## Content
1. cashing dataframes

In [3]:
import findspark

findspark.init()

<IPython.core.display.Javascript object>

In [4]:
from pyspark.sql import SparkSession
from pyspark.sql.functions import *
from pyspark.sql.types import *

spark = SparkSession.builder.getOrCreate()
print(spark)

<pyspark.sql.session.SparkSession object at 0x000001F666C58580>


<IPython.core.display.Javascript object>

### Reading Data
You'll be working with a new dataset consisting of airline departure information. It may have repetitive data and will need to be de-duplicated.

In [12]:
# The effect of the code in this cell is also not obvious beacurse I'm working locally !
import time

departures_df = spark.read.csv("datasets/AA_DFW_2015_Departures_Short.csv" , header=True , inferSchema=True)

start_time = time.time()

# Add caching to the unique rows in departures_df
departures_df = departures_df.distinct().cache()

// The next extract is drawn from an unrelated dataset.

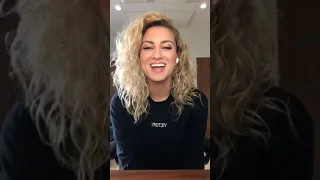 Tori Kelly live on Instagram - WORSHIP/GOSPEL EDITION - (12/04/2020)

# Count the unique rows in departures_df, noting how long the operation takes
print("Counting %d rows took %f seconds" % (departures_df.count(), time.time() - start_time))

# Count the rows again, noting the variance in time of a cached DataFrame
start_time = time.time()
print("Counting %d rows again took %f seconds" % (departures_df.count(), time.time() - start_time))


Counting 157198 rows took 1.310269 seconds
Counting 157198 rows again took 1.774900 seconds


<IPython.core.display.Javascript object>

### Removing data form cache using unpersist()

In [14]:
# Determine if departures_df is in the cache
print("Is departures_df cached?: %s" % departures_df.is_cached)
print("Removing departures_df from cache")

# Remove departures_df from the cache
departures_df.unpersist()

# Check the cache status again
print("Is departures_df cached?: %s" % departures_df.is_cached)


Is departures_df cached?: True
Removing departures_df from cache
Is departures_df cached?: False


<IPython.core.display.Javascript object>

### Quick pipelines

In [16]:
# Remove any duration of 0
departures_df = departures_df.filter(departures_df[3] > 0)

# Add an ID column
departures_df = departures_df.withColumn('id', monotonically_increasing_id())

# Write the file out to JSON format
departures_df.write.json('output.json', mode='overwrite')


<IPython.core.display.Javascript object>